### Work instructions
Report the number of lines in the data below where the string "Toyota" shows up, and only that number.

### Given records
* * *

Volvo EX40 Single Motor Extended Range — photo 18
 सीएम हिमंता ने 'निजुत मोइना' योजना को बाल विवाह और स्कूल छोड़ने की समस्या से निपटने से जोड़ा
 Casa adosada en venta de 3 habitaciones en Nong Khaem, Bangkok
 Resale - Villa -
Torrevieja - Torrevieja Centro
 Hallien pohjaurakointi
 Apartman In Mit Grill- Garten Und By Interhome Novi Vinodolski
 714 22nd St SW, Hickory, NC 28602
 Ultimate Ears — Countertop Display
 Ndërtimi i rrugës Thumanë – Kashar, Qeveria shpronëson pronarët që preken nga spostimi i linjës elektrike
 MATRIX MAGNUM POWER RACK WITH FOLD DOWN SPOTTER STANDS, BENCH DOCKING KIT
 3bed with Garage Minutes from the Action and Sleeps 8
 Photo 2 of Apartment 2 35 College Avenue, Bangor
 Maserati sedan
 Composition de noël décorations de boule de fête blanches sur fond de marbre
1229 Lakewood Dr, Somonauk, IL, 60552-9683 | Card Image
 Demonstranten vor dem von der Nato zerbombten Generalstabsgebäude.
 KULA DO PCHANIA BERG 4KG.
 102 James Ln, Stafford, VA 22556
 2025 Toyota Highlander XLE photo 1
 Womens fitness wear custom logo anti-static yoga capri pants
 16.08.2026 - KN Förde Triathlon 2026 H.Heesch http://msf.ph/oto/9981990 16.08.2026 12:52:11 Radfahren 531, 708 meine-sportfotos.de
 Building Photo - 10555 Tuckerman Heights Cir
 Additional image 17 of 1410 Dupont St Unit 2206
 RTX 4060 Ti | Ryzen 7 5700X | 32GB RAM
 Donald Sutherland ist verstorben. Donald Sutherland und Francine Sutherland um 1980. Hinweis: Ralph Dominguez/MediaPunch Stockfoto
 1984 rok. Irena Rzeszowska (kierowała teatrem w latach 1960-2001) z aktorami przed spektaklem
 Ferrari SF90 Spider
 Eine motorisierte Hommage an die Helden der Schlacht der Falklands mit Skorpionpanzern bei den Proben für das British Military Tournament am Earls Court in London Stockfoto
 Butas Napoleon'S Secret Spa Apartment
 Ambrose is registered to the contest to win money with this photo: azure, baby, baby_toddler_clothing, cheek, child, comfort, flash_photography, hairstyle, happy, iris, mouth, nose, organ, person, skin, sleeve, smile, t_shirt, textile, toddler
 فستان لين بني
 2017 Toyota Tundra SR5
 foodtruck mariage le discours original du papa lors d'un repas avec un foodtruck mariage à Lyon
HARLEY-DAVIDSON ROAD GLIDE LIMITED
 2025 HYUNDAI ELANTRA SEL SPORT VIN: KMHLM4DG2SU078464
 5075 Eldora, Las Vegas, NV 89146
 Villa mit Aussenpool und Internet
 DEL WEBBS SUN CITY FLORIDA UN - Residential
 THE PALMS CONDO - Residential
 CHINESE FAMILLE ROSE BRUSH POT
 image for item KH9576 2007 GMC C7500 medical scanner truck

* * *

### Answer for the task
2